The legend of the strikingly tall Patagonians has its origins in Magellan's voyage in the 1520s. According to Pigafetta's account, Magellan encountered a race of giants whom he referred to as "Patagons" because of their large feet. Hence the southern tip of South America came to be known as Patagonia. Other 16th Century reports of the giant Patagonians came from Francis Fletcher, the chaplain serving with Sir Francis Drake, and from Anthonie Knivet, who had sailed with Sir Thomas Cavendish, who claimed to have seen dead bodies in Patagonia measuring 'over twelve feet in length'. In the early-eighteenth century Captains Harrington and Carmen in 1704 both corroborated the story.
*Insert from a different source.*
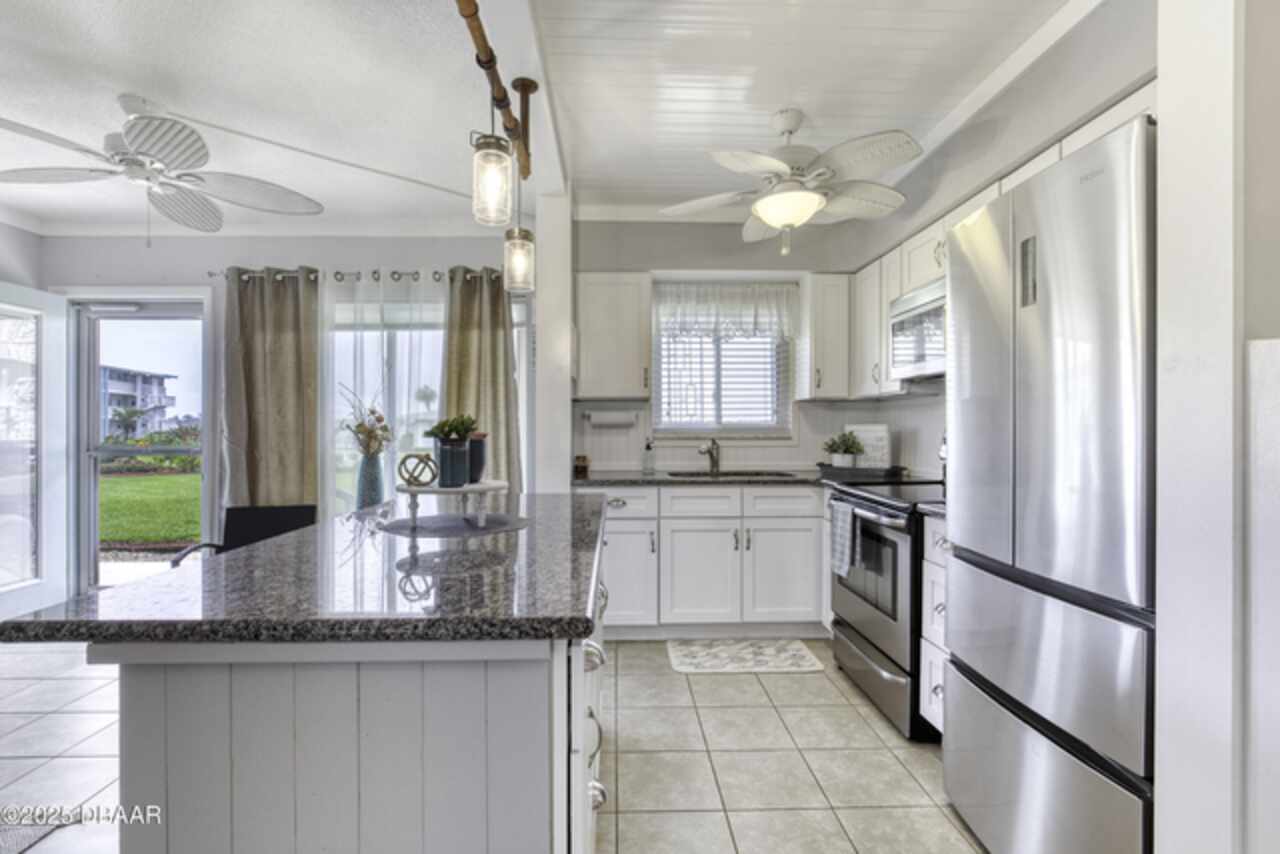 Listing Photo 12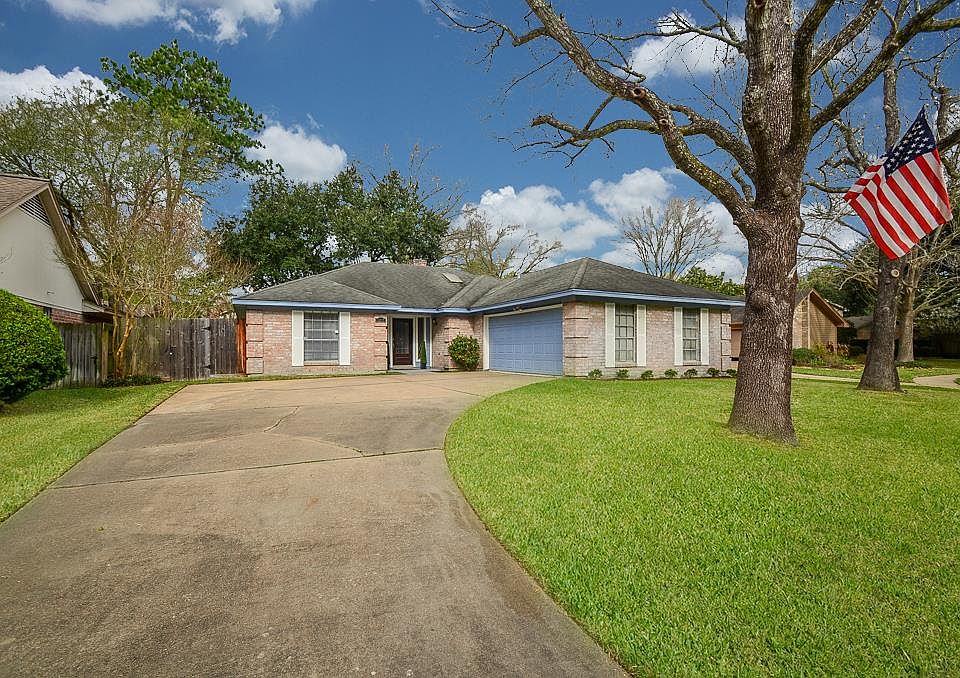1st image of 8207 Greenbank Ln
The story gained popular currency after the return of Byron's ship Dolphin from her circumnavigation. While the ship lay in dock, a rumor leaked out that the crew had encountered a tribe of 'nine-foot giants' in Patagonia in 1764. The account of Byron's meeting with the giants first appeared in print in May 1766 in the Gentleman's Magazine, and was followed by other newspaper reports. Byron's own account, with its well-known engraved frontispiece of European officers standing waist-high to enormous Patagonians, was published in 1766. As Bernard Smith points out, Byron did not have the luxury of an artist on board the Dolphin to record this meeting. Instead it was left to an artist in London to furnish the illustration from Byron's description of events: 'one of them, who afterwards appeared to be a Chief, came towards me: he was of a gigantic stature, and seemed to realize the tales of monsters in a human shape…'.
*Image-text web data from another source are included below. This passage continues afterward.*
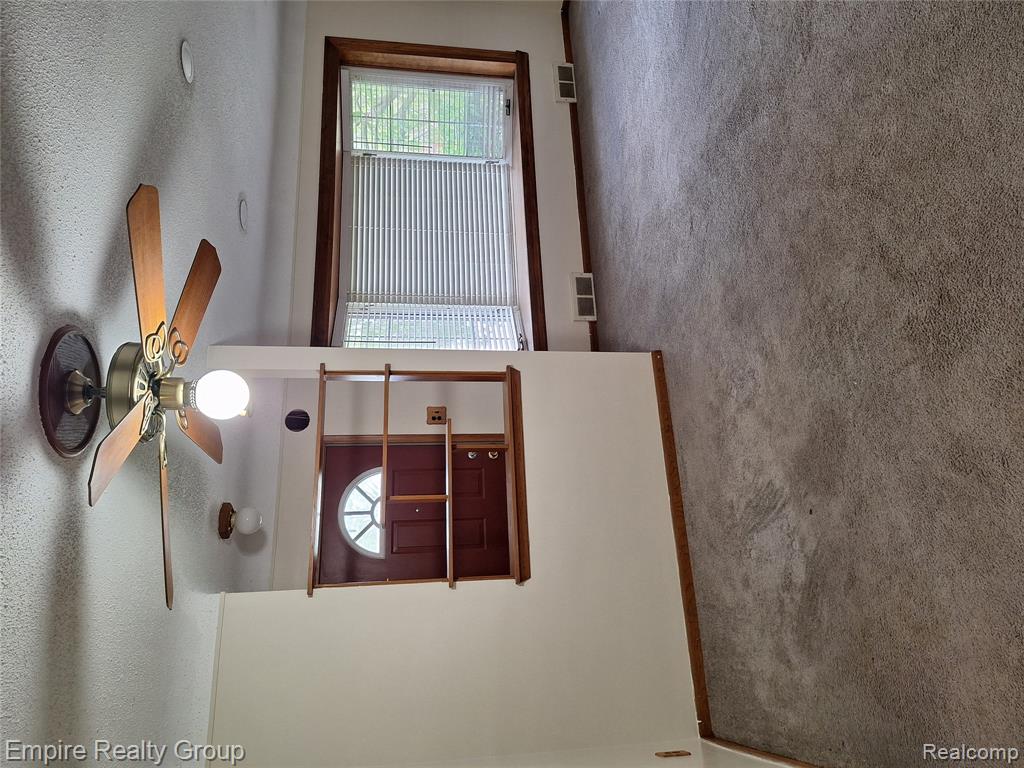 8547 Kinloch Street, Dearborn Heights, MI 48127 — Photo 8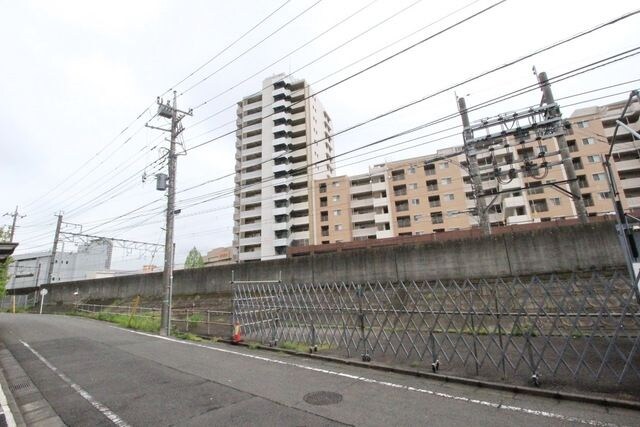 鶴牧ガーデンズの物件内観写真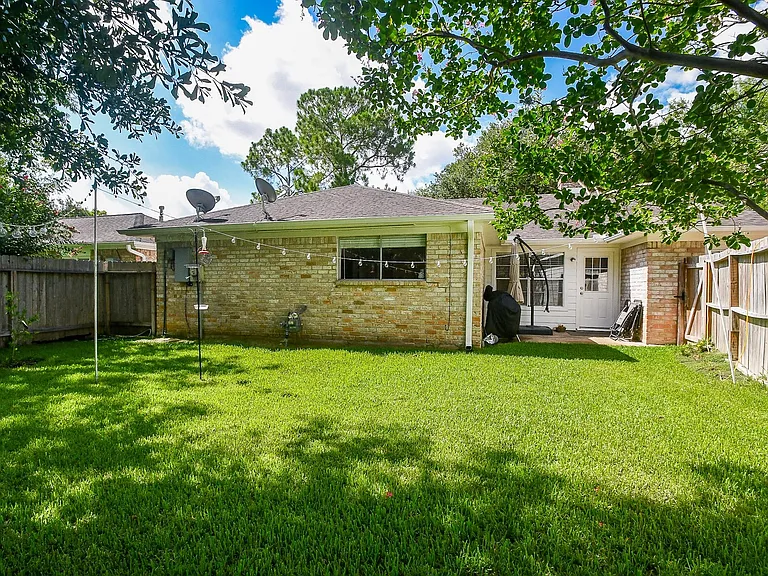 12806 Westhorpe Dr — Photo 48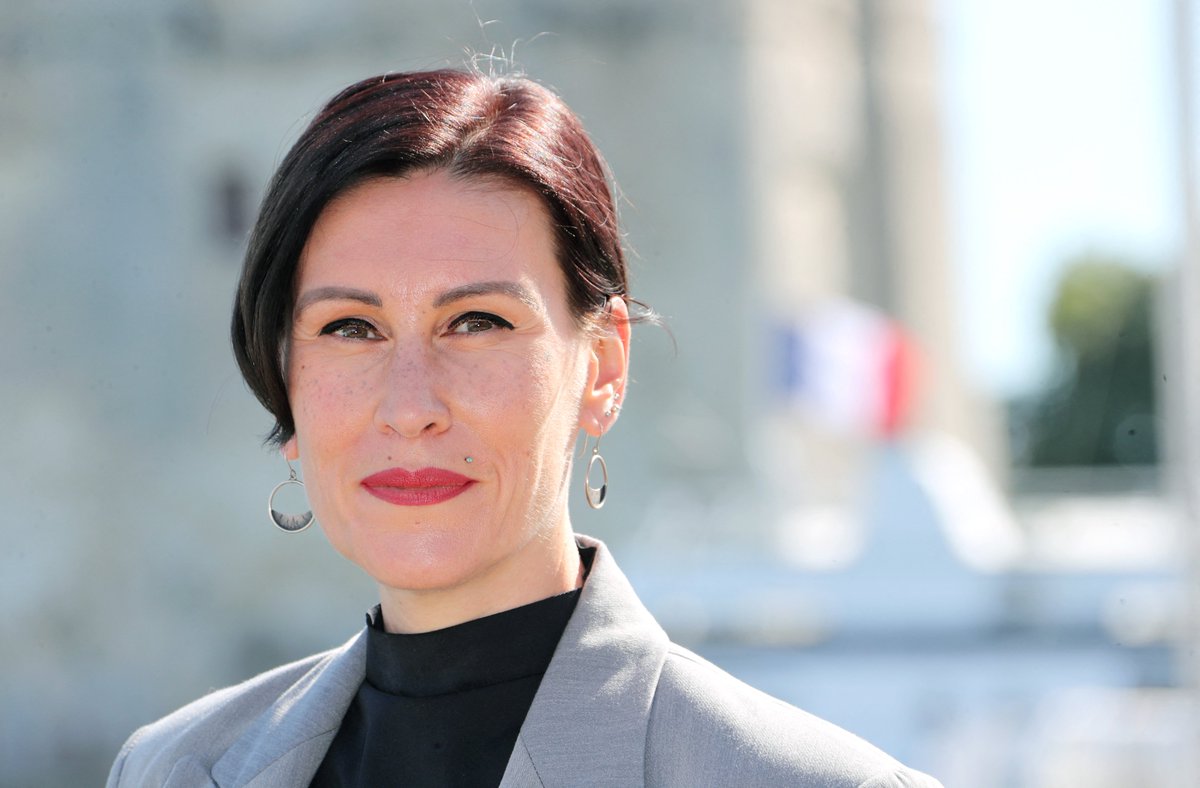 Brigitte Baronnet (@bbaronnet) on Twitter photo Le livre La chair est triste hélas (<a href="/EditionsPoints/">Éditions Points</a>) va être adapté au cinéma. Il s'agira du 1er long métrage d'Ovidie qui a précédemment réalisé des documentaires et la série Des gens bien ordinaires. Le film sera produit par Carole Lambert (Le Consentement)
via <a href="/lefilmfrancais/">Le film français</a> Le livre La chair est triste hélas (<a href="/EditionsPoints/">Éditions Points</a>) va être adapté au cinéma. Il s'agira du 1er long métrage d'Ovidie qui a précédemment réalisé des documentaires et la série Des gens bien ordinaires. Le film sera produit par Carole Lambert (Le Consentement)
via <a href="/lefilmfrancais/">Le film français</a>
Yet despite the presense of skilled artists and observers on the Endeavour voyage of 1764, which put the height of male Patagonians at between 'five feet eight inches to five feet ten inches', the myth persisted. This was in large part due to Hawkesworth's combined narrative of the voyages of Byron, Cook and others published in 1773, which concluded that the giants did indeed exist. An engraved plate depicting the "interview" with Byron shows the Patagonians towering head and shoulders above the Englishmen.

Condition Description
Minor abrasions along the top of the image and narrow top margin
Reference
Gallagher, R., ed., Byron's Journal of his Circumnavigation 1764-1766, Hakluyt Society, 1964. "The Patagonian Giants", Appendix 1, 185-96, in Robert E. Gallagher (ed.), Byron's Journal of his Circumnavigation 1764-1766 (Hakluyt Society, 1964).
Alexander Hogg Biography

Alexander Hogg was a publisher active in London from 1778 to 1824. He worked under the sign of the Kings Arms on Paternoster Row. He is especially known for publishing architectural and historical prints, as well as maps.